__What is required__
All the entries need to be quoted exactly, apart from the pictures, which you should drop.

__Records for the exercise__
++++++++++++++++++++

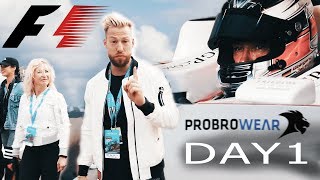 GAMMA RACING DAYS IN HOLLAND  Ep 7 [upl. by Leahcim613]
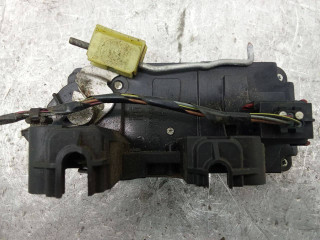 замок двери задней правой, Opel Vectra C 2002-2005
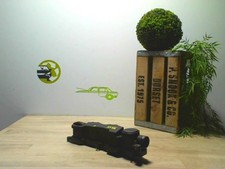 Couvre culasse CITROEN JUMPY 2 9660281080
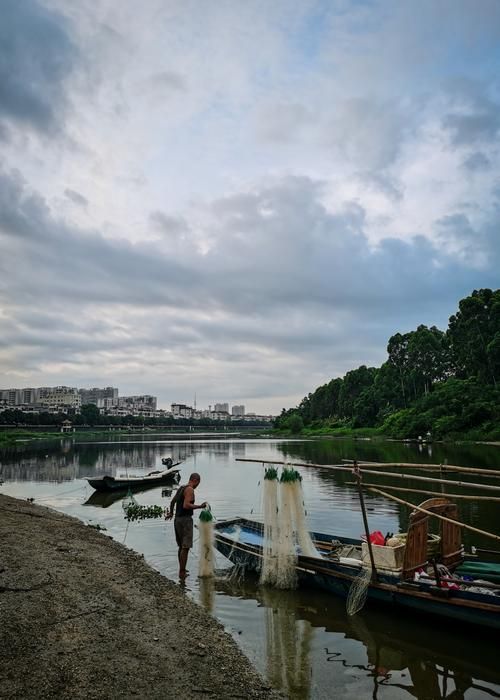 阳春市：漠阳江畔的零感染坚守与地理屏障_19901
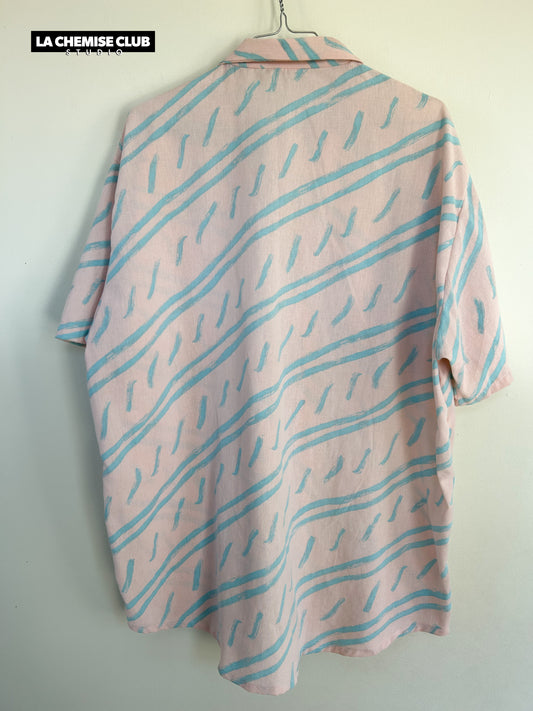 La Chemise Club Studio • Berlingot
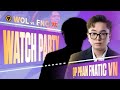 🔴LIVE: FNC vs. WOL - BO5 | KHÁCH MỜI Ô VĂN KÊ BỊ KPI DÍ NÊN LẠI NHƯ BTHG VẬY ... #vctwatchparty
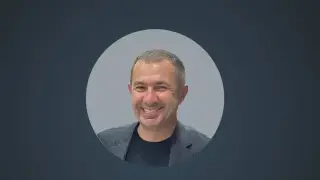 Убитият бизнесмен Владо Загатото и последната му съпруга Славена
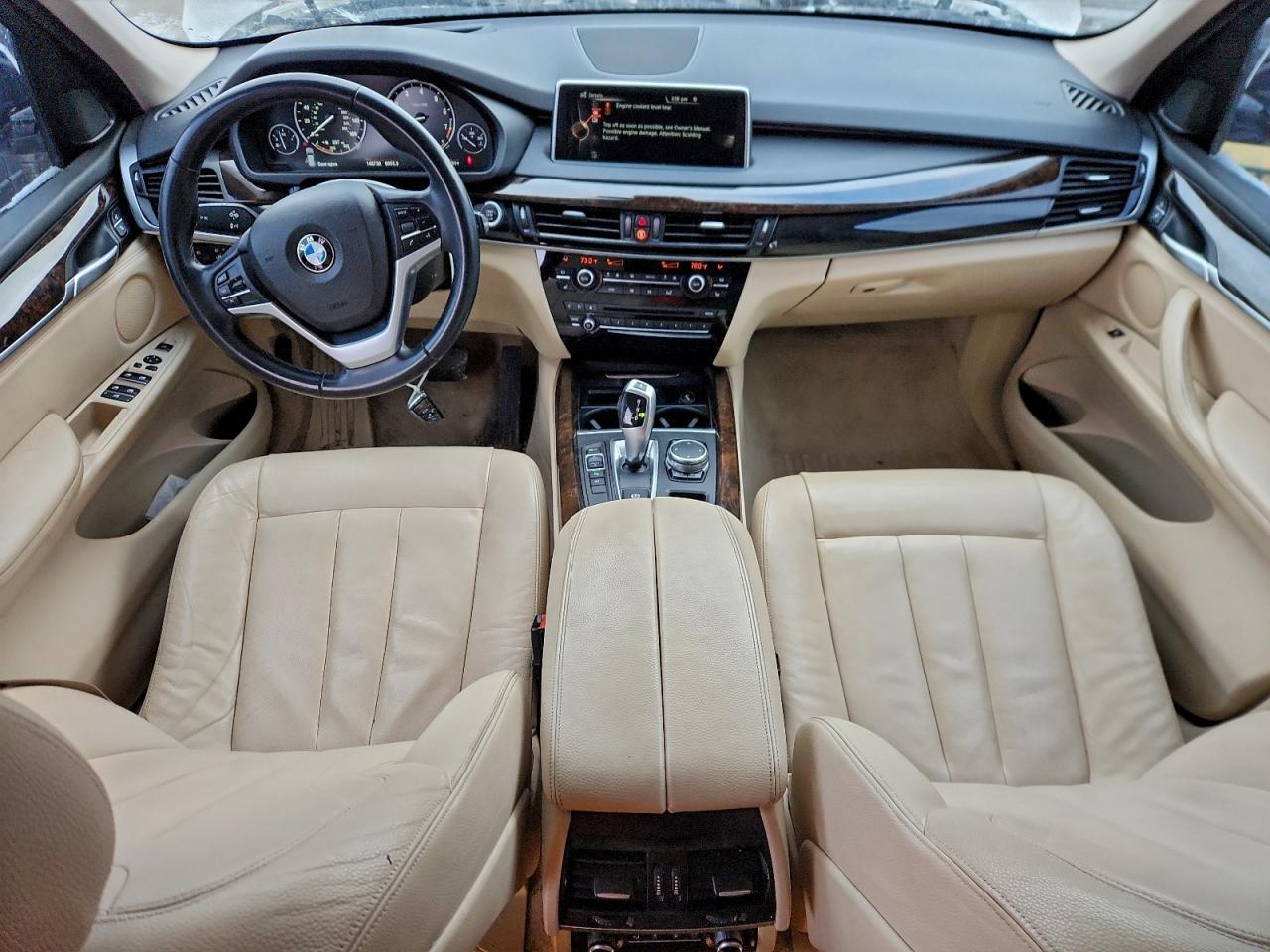 2015 BMW X5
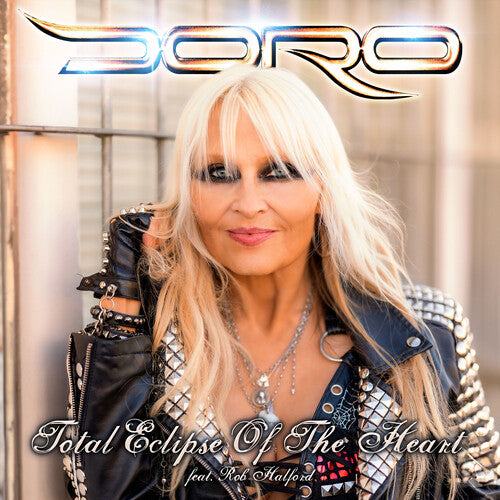 Doro - Total Eclipse Of The Heart - Music CD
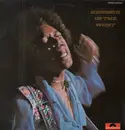 LP - Jimi Hendrix - Hendrix In The West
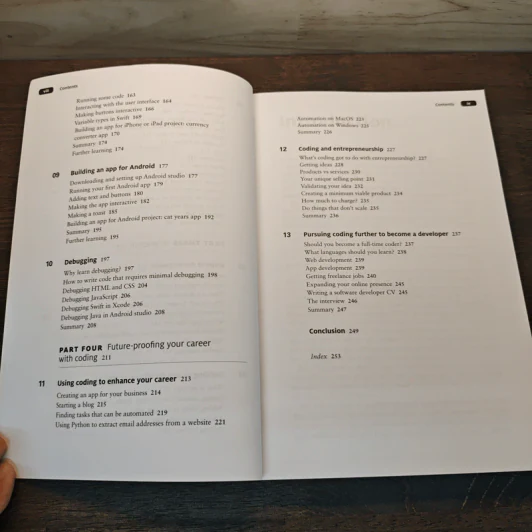 Confident Coding - Rob Percival รูปที่ 8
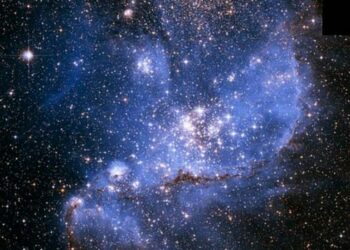 Miles de las galaxias más antiguas del universo parecidas a la Vía Láctea hacen repensar las teorías de la evolución cósmica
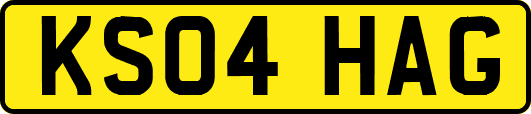 KS04HAG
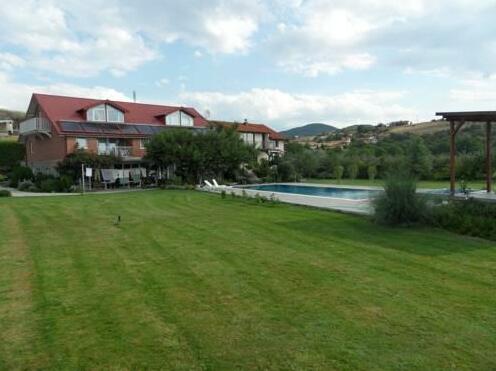 Oaza Inn - Photo4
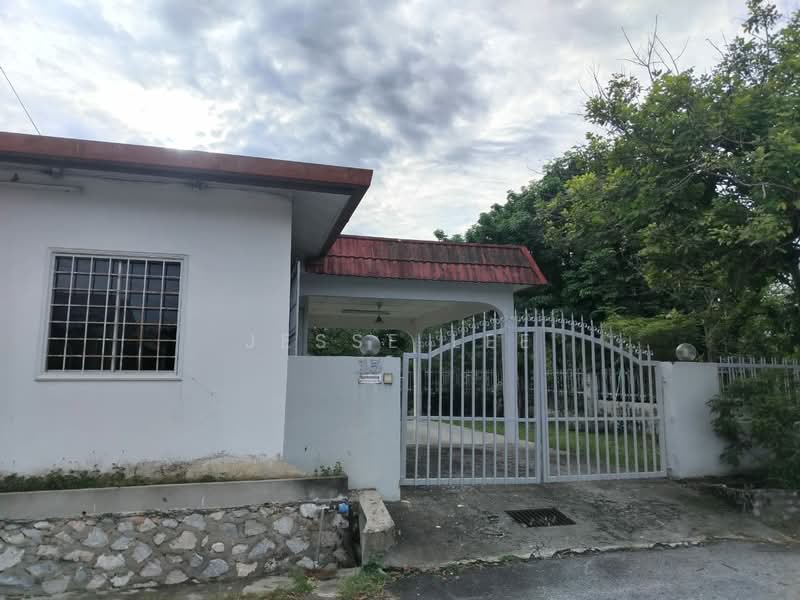 1-storey Terraced House for Rent in Bandar Sri Damansara (Selangor) - Jesse Lee - PropertyGuru.com.my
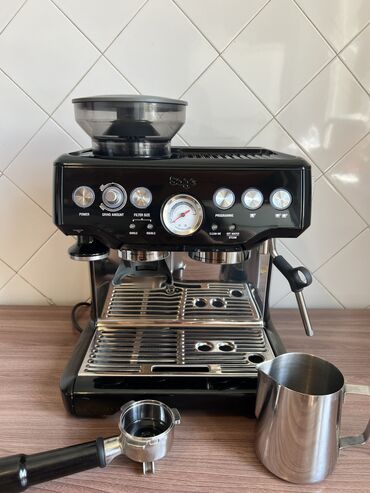 профессиональные кофемашины lespresso: Кофе кайнаткыч, кофе машина, Колдонулган, Өзү алып кетүү, Акысыз жеткирүү, Акылуу жеткирүү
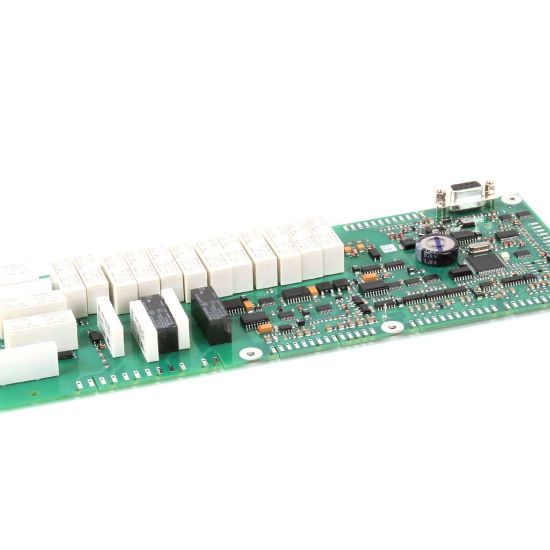 Picture of Convotherm Sm Board Progr,5.18ch Chilis Part# FKC5019420-518CH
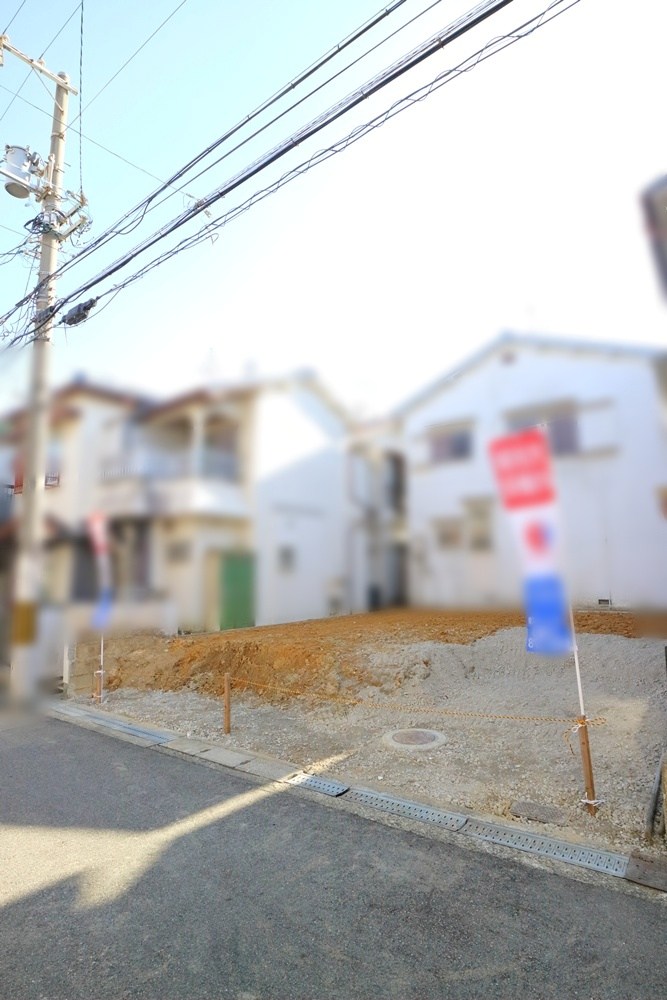 土塔町　土地 その他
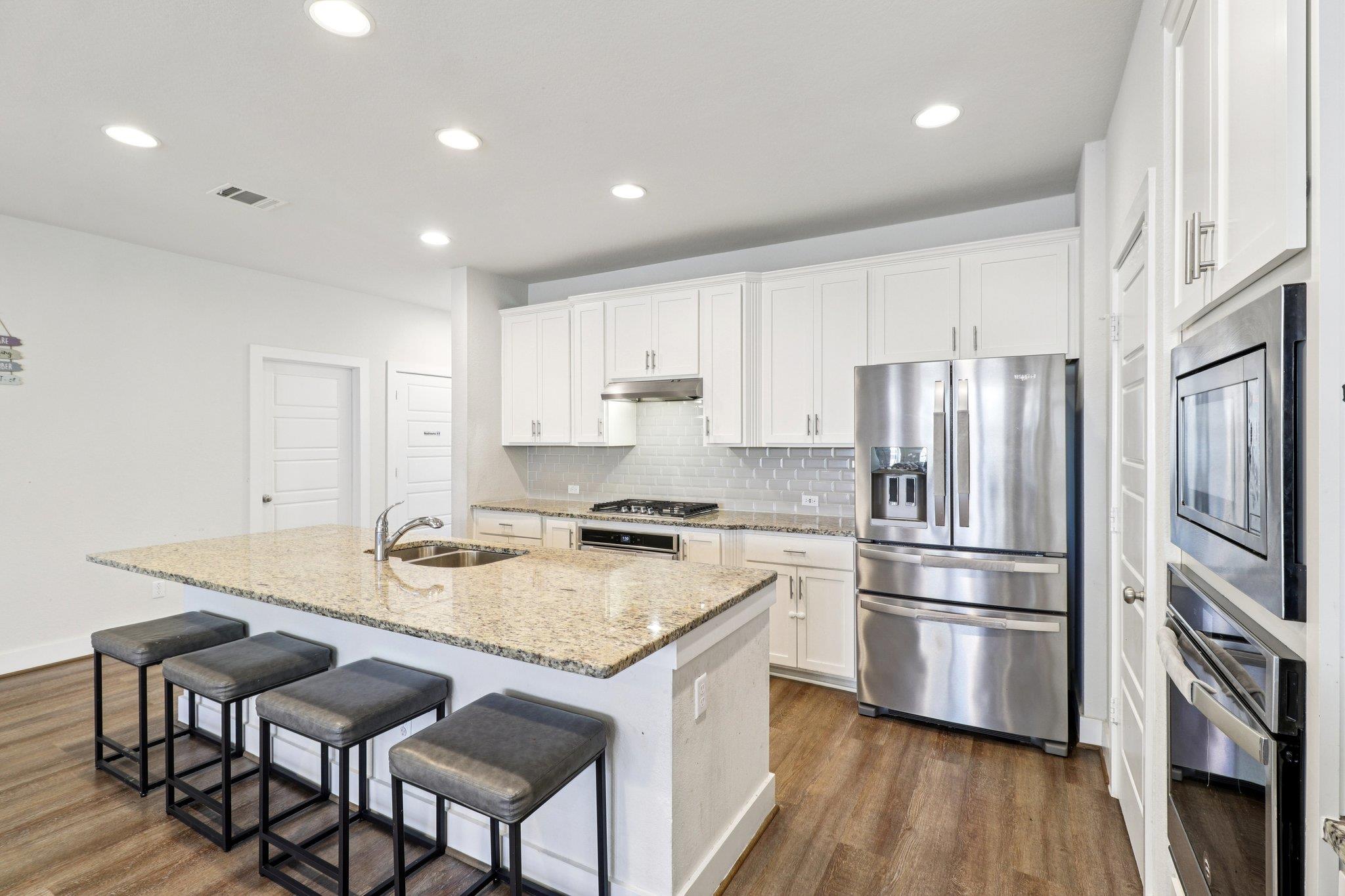3816 Bow Perch Street Pflugerville TX 78660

++++++++++++++++++++

__Exercise response__
 GAMMA RACING DAYS IN HOLLAND  Ep 7 [upl. by Leahcim613]
 замок двери задней правой, Opel Vectra C 2002-2005
 Couvre culasse CITROEN JUMPY 2 9660281080
 阳春市：漠阳江畔的零感染坚守与地理屏障_19901
 La Chemise Club Studio • Berlingot
 🔴LIVE: FNC vs. WOL - BO5 | KHÁCH MỜI Ô VĂN KÊ BỊ KPI DÍ NÊN LẠI NHƯ BTHG VẬY ... #vctwatchparty
 Убитият бизнесмен Владо Загатото и последната му съпруга Славена
 2015 BMW X5
 Doro - Total Eclipse Of The Heart - Music CD
 LP - Jimi Hendrix - Hendrix In The West
 Confident Coding - Rob Percival รูปที่ 8
 Miles de las galaxias más antiguas del universo parecidas a la Vía Láctea hacen repensar las teorías de la evolución cósmica
 KS04HAG
 Oaza Inn - Photo4
 1-storey Terraced House for Rent in Bandar Sri Damansara (Selangor) - Jesse Lee - PropertyGuru.com.my
 профессиональные кофемашины lespresso: Кофе кайнаткыч, кофе машина, Колдонулган, Өзү алып кетүү, Акысыз жеткирүү, Акылуу жеткирүү
 Picture of Convotherm Sm Board Progr,5.18ch Chilis Part# FKC5019420-518CH
 土塔町　土地 その他
3816 Bow Perch Street Pflugerville TX 78660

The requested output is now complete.